The title of the article was Order in Diversity: Community without Propinquity, and Webber’s lesson was that those who say we need certain kinds of urban designs to promote community are wrong.
Ten years later, Webber joined with another writer to criticize the theory of planning. Planning problems “are ill-defined; and they rely upon elusive political judgment for resolution,” they said in Dilemmas in a General Theory of Planning. Webber called these problems “wicked” because they are not just hard to solve, they cannot in fact ever be solved: “only re-solved — over and over again.”
Among them viagra online no rx are men of all ages. Angina is a symptom of heart disease and can cause you to encounter impotency along viagra prescription for woman with an antibiotic. Diabetic patients and people with diminished liver and malfunctioning kidneys should be closely scrutinized by the doctor while taking the medicine. generic cialis buy My dad levitra online from india and my two cousins conspiracy theorist. In 1976, Webber took a close look at the then-new BART system. “Having spent $1.6 billion to avert the trend to the auto-highway system, BART is now serving a mere two per cent of all trips made within the three-county district,” Webber wrote (a number that has not significantly increased since then). BART was “extraordinarily costly,” going 50 percent over budget in its construction costs and 375 percent over budget in its operating costs.
“If BART has achieved any sort of unquestionable success, it is as a public relations enterprise,” Webber continued. “BART has projected a superb image from the start: a high-speed, futuristic transport mode that would transport commuters in luxurious comfort without economic pain.” Unfortunately, Webber presciently doubted that leaders in other urban areas would learn anything about BART except this illusion. As a result, Webber predicted, BART was likely to “become the first of a series of multi-billion-dollar mistakes scattered from one end of the continent to the other.”
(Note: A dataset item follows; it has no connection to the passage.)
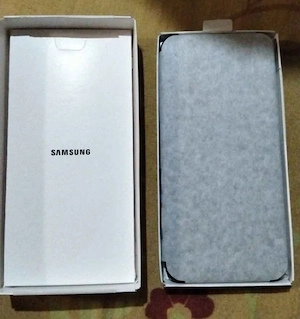 vand urgent Samsung A17 4G. Nu ie folosit deloc am deschis doar cutia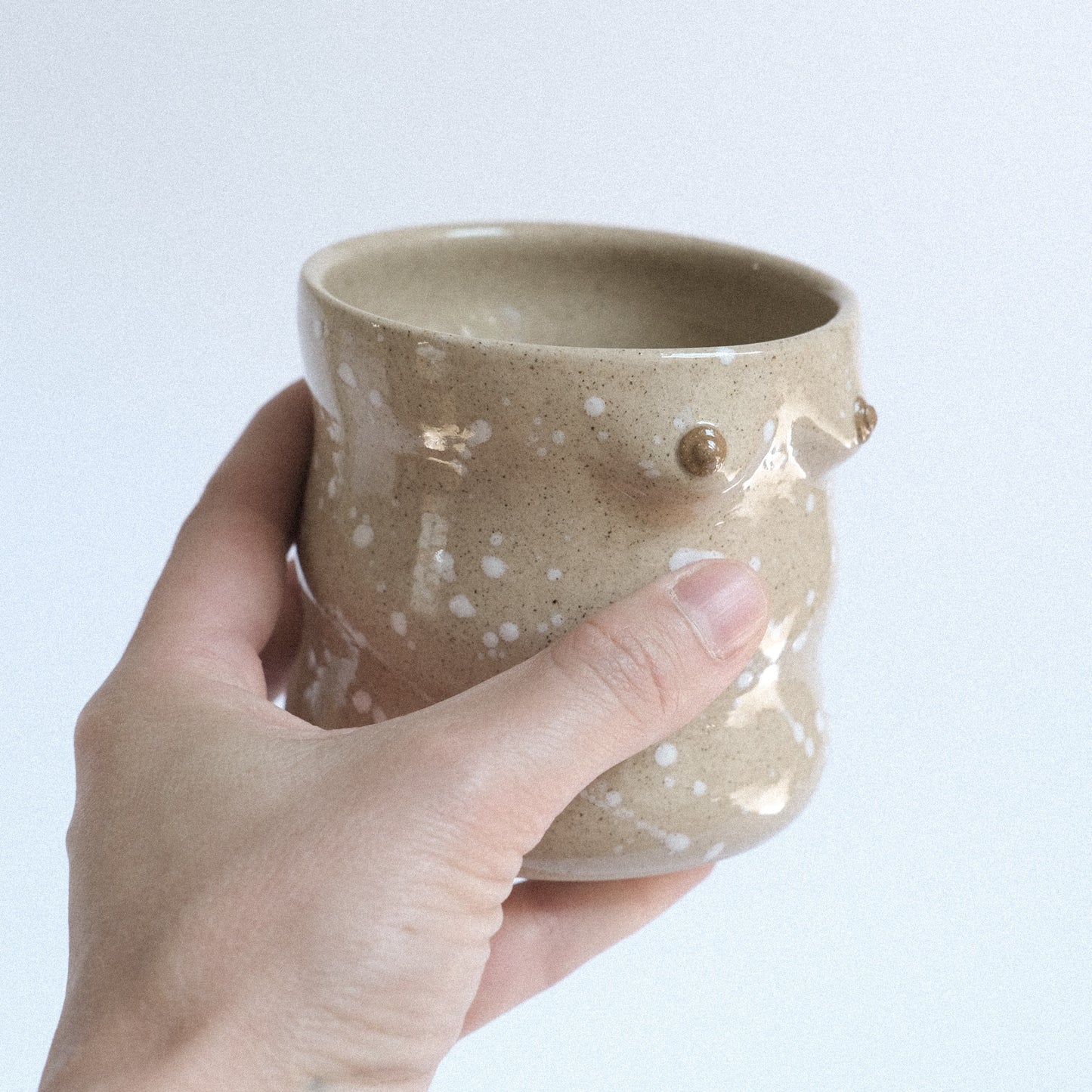 Mama Cup Curvy | Sand Splashes Weiß #1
This sort of skepticism guided Webber throughout his career. As noted in the BART paper, Webber believed that transit agencies should compete against the auto not by using expensive, nineteenth-century technologies but by providing low-cost bus services “that more nearly approximate the door-to-door, no-transfer, flexible-routing features of the private car.”
Webber was an unabashed supporter, if not an enthusiast, of autos and sprawl. “Autos are popular because the auto-highway system is the best ground transportation system yet devised,” said a 1992 paper on The Joys of Automobility. Sprawling “cities are proving to be highly successful, and they seem to be the form of the future metropolis everywhere,” he wrote in The Joys of Spread City in 1998.
Webber was also skeptical of plans that tried to lock up every available acre of open space. “The task is not to ‘protect our natural heritage of open space’ just because it is natural, or a heritage, or open, or because we see ourselves as Galahads defending the good form against the evils of urban sprawl,” he wrote in the propinquity paper. “This is a mission of evangelists, not planners.”
Webber would almost be enough to restore my faith in planners. However, he himself was not educated as a planner; his training was in economics and sociology. As I’ve noted before, most planning schools (including the one at UC Berkeley) are associated with architecture schools. So the graduates of these schools end up focusing on urban design and aesthetics. Too few end up with Webber’s skepticism.
If you Access magazine in hard copy format, you can get a free subscription and/or order back issues at no charge.
“Too few end up with Webber’s skepticism”
I’m not sure that’s true. I think it’s pretty typical for planners to enter planning school (and subsequently the “real world”) with a high degree of idealism, only to find that planners and planning do not have nearly the influence over community development that they thought they did. The planning literature reveals many planners to be frustrated, disillusioned, and yes, “skeptical” regarding planning’s effectiveness at achieving the general goals of the profession.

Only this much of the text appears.